The website explains on their About Us page that they have recently applied for non-profit status with the IRS, so soon the purchase price of these materials could become a tax deduction for those who file US Tax Returns. They feature materials from 54 different US Federal agencies – from the Fish and Wildlife Service to the IRS. There are materials on the Environment, Public Health, Flying and many more.

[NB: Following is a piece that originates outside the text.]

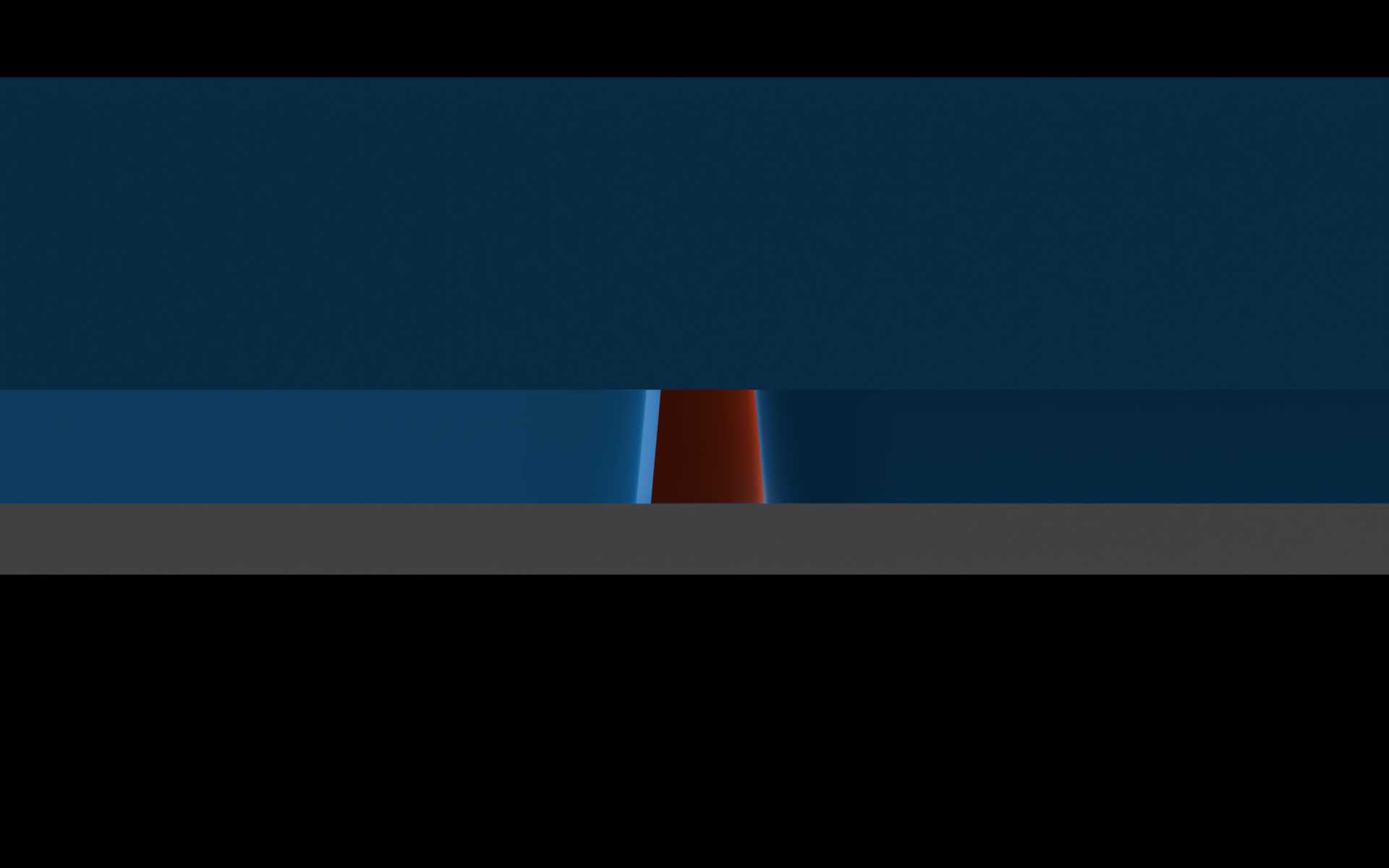 Close-up of the cross-section of a molded microfeature. Its height is labeled “H” and its width is labeled “W.”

But that isn’t all they are tackling – back in May they issued a message to The Internet discussing their attitude toward (and frustration with) the Smithsonian Images website. It begins:

We write to you today on the subject of SmithsonianImages.SI.Edu, a government ecommerce site built on a repository of 6,288 images of national significance. The site is breathtaking in scope, with imagery ranging from the historic cyanotypes of Edward Muybridge to historic photos from aviation, natural history, and many other fields. If the Smithsonian Institution is our attic, these photos are our collective scrapbook.

However, the web site imposes draconian limits on the use of this imagery. The site includes a copyright notice that to the layman would certainly discourage any use of the imagery. While personal, non-commercial use is purportedly allowed, it requires a half-dozen clicks before the user is allowed to download a low-resolution, watermarked image. An image without the watermark and at sufficient resolution to be useful requires a hefty fee, manual approval by the Smithsonian staff, and the resulting invoice specifically prohibits any further use without permission.

The letter goes into great detail about why they disagree with how things are being done – take a look if you are curious. Also -they didn’t just create this letter – they also created a free to download book titled Public Domain Prospectus which they declare as a tool for those researching the public domain status of the 6,288 images included (in their low resolution watermarked versions).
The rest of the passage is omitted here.